Yet, the most important and life sustaining groups make the least amount of money. Obviously, we couldn’t afford to pay our First Responders what they’re really worth (assuming we could even place a dollar amount on their services). Does anyone want to bid on the next available fire truck as your house burns? Maybe we have an auction for the closest ambulance as your child lies lifeless after a car accident? Teachers live on an average of $50k per year, but are expected to mold the minds of our future generations.
What’s my point, beyond a rant to get this off my chest? If you are an owner or manager in a position of authority, pay your people fairly. We’ve all heard “an honest day’s wages for an honest day’s work”, but what is “an honest day’s wages”? Just because someone is “blue-collar” shouldn’t mean living existing in near poverty conditions. Yes, initially it will cost you or your business more. Long term, your company will be the winner. Happy employees work harder, are more productive and stay put longer. Don’t replace ‘em, keep ‘em!
Maybe you absolutely can’t squeeze out the funds to increase hourly pay or salaries; consider a performance-based bonus program. Also, look for non-financial ways to keep your team members happy and productive. This may involve taking the lid off of that square thing and thinking externally beside it (I hate clichés’, so you’ll have to figure that one out ).
Survey after survey reveals a considerable difference for the definition of gainfully employed, depending on the age group surveyed; ask “what do you like about your job” and the answer from someone under 30 will be significantly different than someone over 40. That doesn’t make them lazy or shiftless, just different.
Today’s generation (the work force of tomorrow) thinks and wants different from generations past. Many want more time with family; find ways to make that happen through flex time, staggered shifts, etc. Hold some type of get together, picnic, party or other outing for your people and their families; this will obviously look different for everyone, based on the size of your company. Surprise the staff with donuts. Let someone go home early on a Friday afternoon. Let Mary-Sue take a long lunch next Thursday so she can eat in the school cafeteria with her 2nd grade son. Here’s a novel idea- actually tell your employees you appreciate them!
Of course, your people need to take responsibility and accountability for their own financial situation. Nobody making $17 an hour should be eating dinner out 5 days a week. The constitution doesn’t guarantee a new car every 4 years, a 4-bedroom brick home with a pool, or even 320 channels on a 60” HDTV. Certainly, no one ever actually promised “work 40 hours a week and get rich”. Maybe this is an opportunity where employers and managers could help their people; offer financial budgeting guidance. The internet is loaded with simple, easy to use budget forms, plans, etc. Teach your team members how to manage their money so that what they do earn goes further. Sadly, many of todays adults have never been taught the basics of creating a budget, so they just “wing it” when payday rolls around.

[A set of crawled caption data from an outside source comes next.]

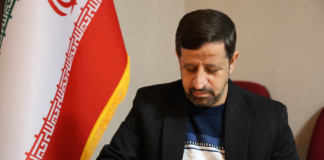 فراتر از نبرد؛ التزام به قواعد اخلاقی و حقوقی در دکترینِ موشکیِ ایران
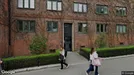 Apartment for rent, Oslo, Grenseveien<span class="blurred street-number" onclick="ProcessAdRequest(17961369)"><span class="hint">See no.</span>[xxxxxx]</span>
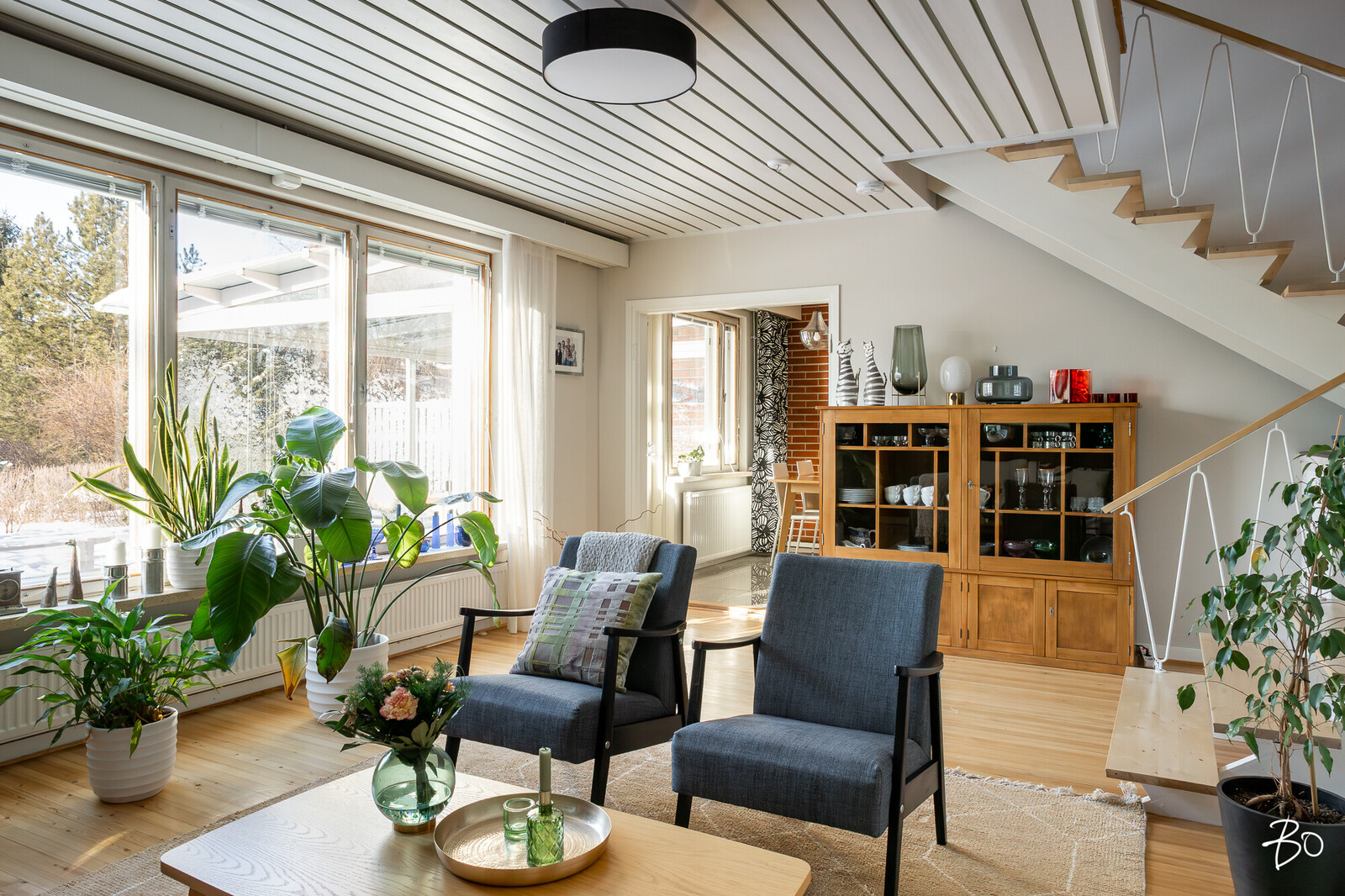 Kumputie 2 - image 4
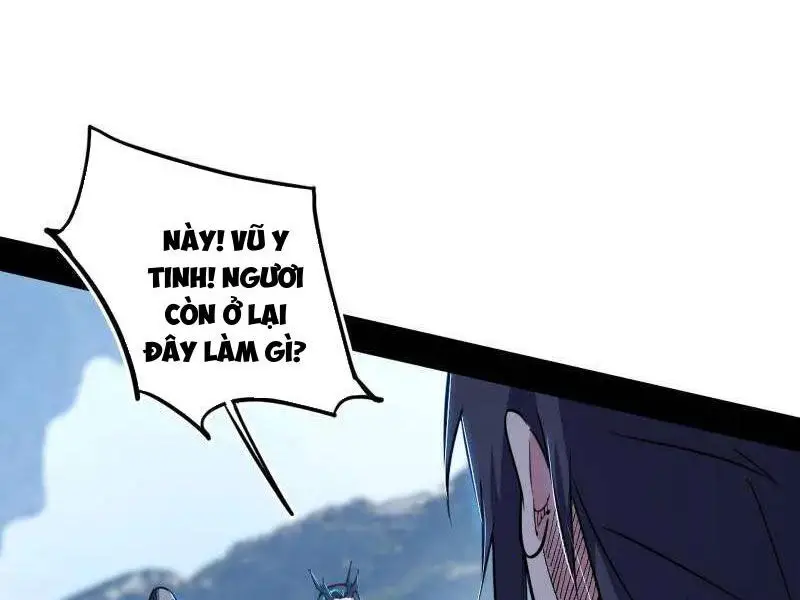 Ta Là Tà Đế Nettruyen ZZZ Chương 519 Page 5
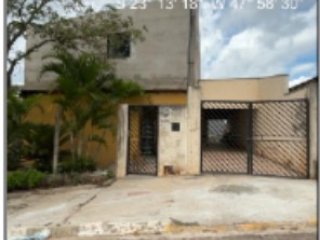 Imagem do imóvel CA75593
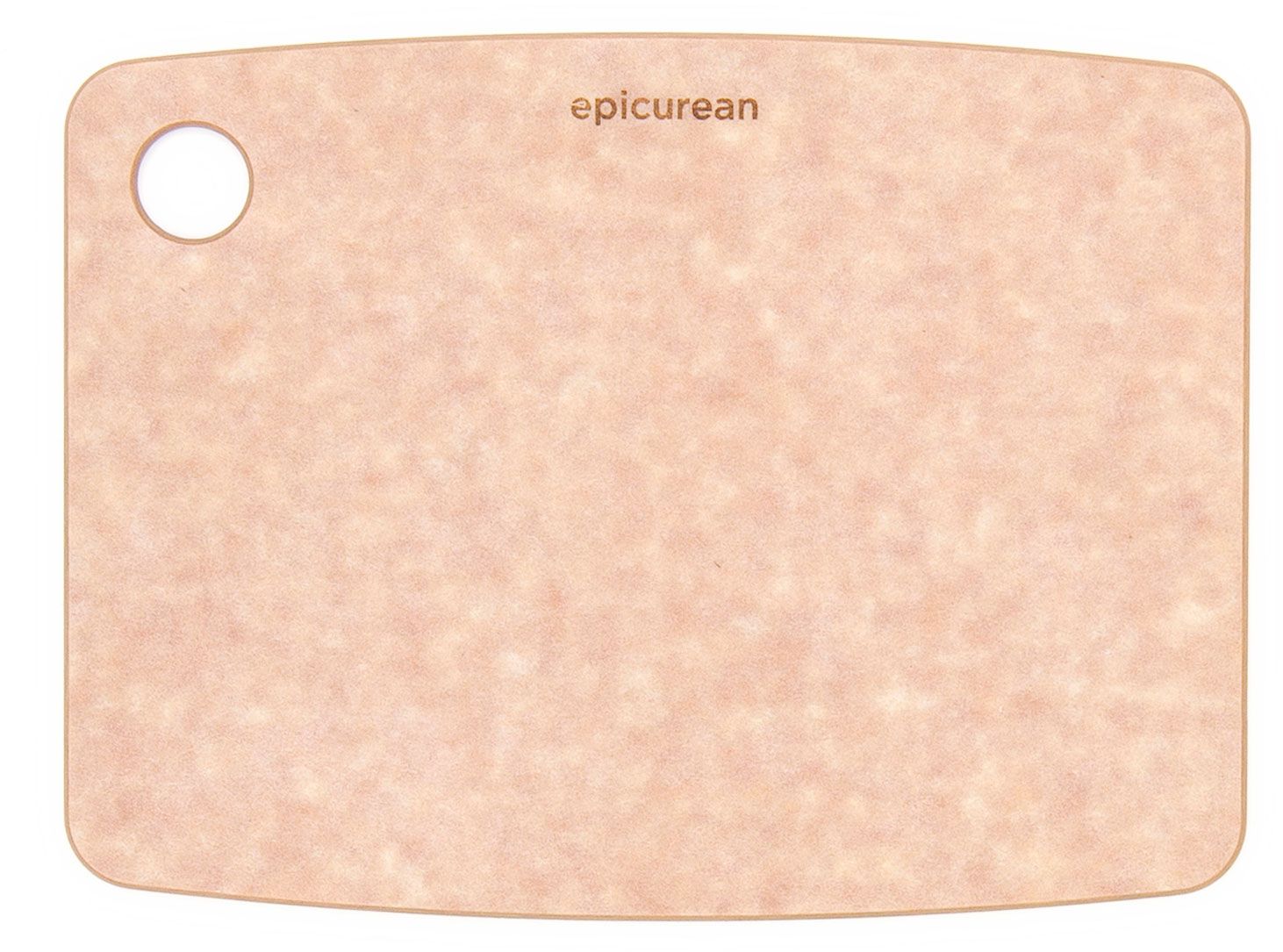 Epicurean Cutting Board 8x6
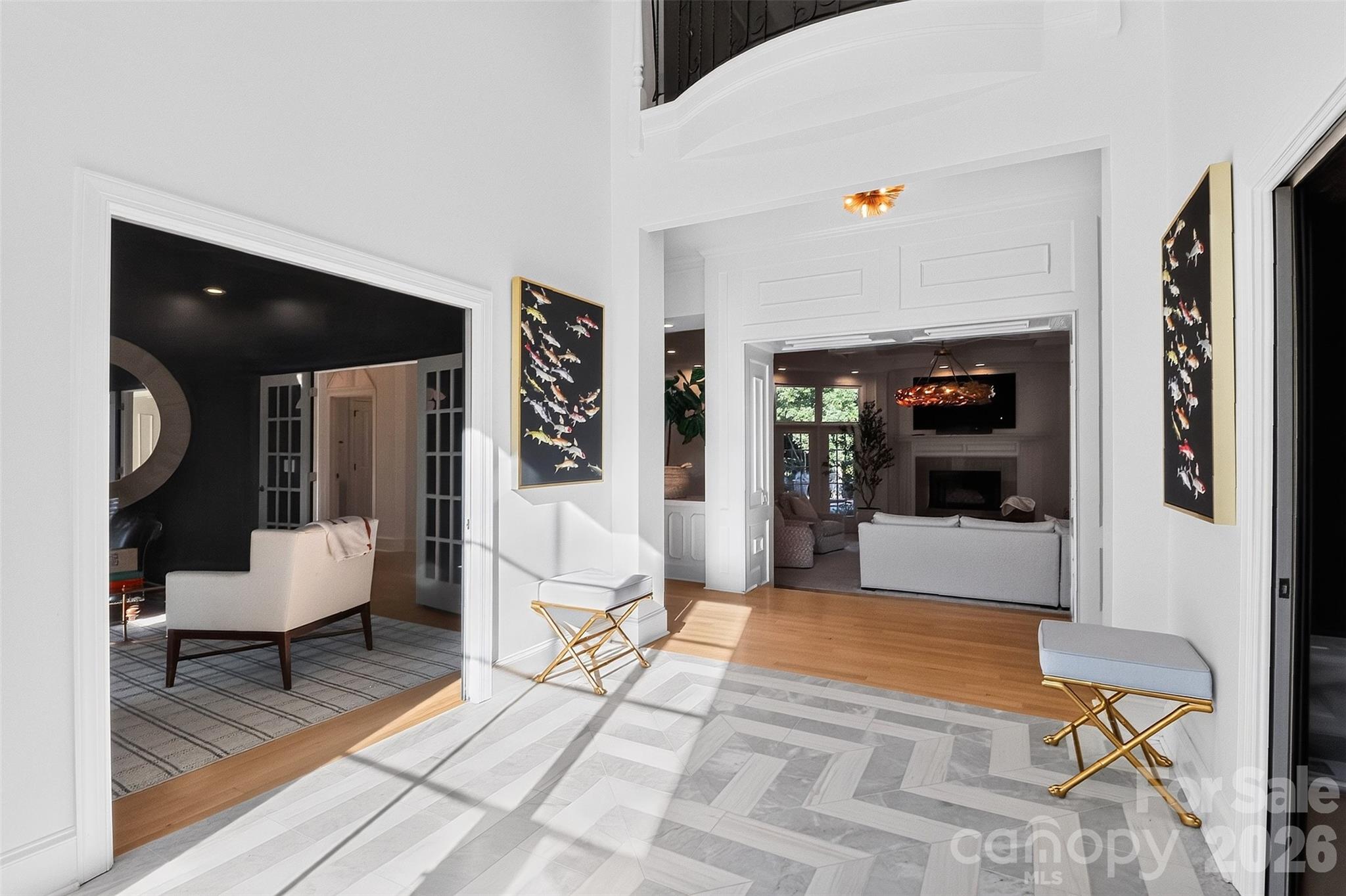1901 Cortelyou Road Property Photo 3
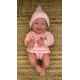 Poupon Newborn Berenguer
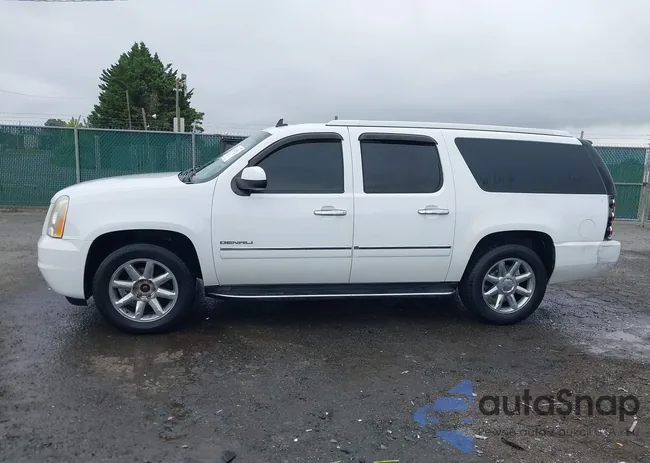 1GKS2MEF2BR144739: 43185504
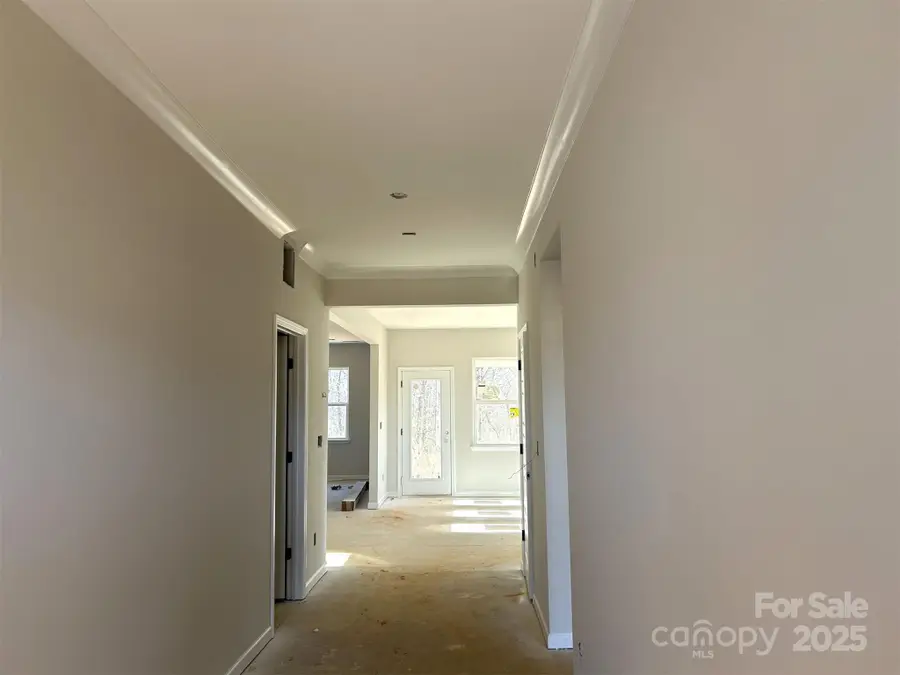 1733 Tabby Drive #CAL0065, Indian Trail, NC 28079 - Image #3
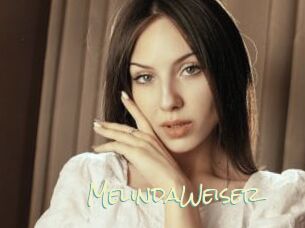 MelindaWeiser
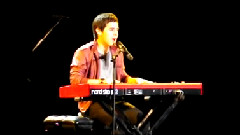 A Thousand Miles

To come full circle, somewhere along the line our value system got seriously distorted. Maybe you can’t change the world, but perhaps you can alter your little piece of it. Give it a shot, you have much more to gain than you have to lose.
If just for a day, make someone on your team feel like an Academy Award winner, World Champion or Country Music’s biggest star! After all, they are FAR more important to the success of your business than someone “famous” you’ll never meet.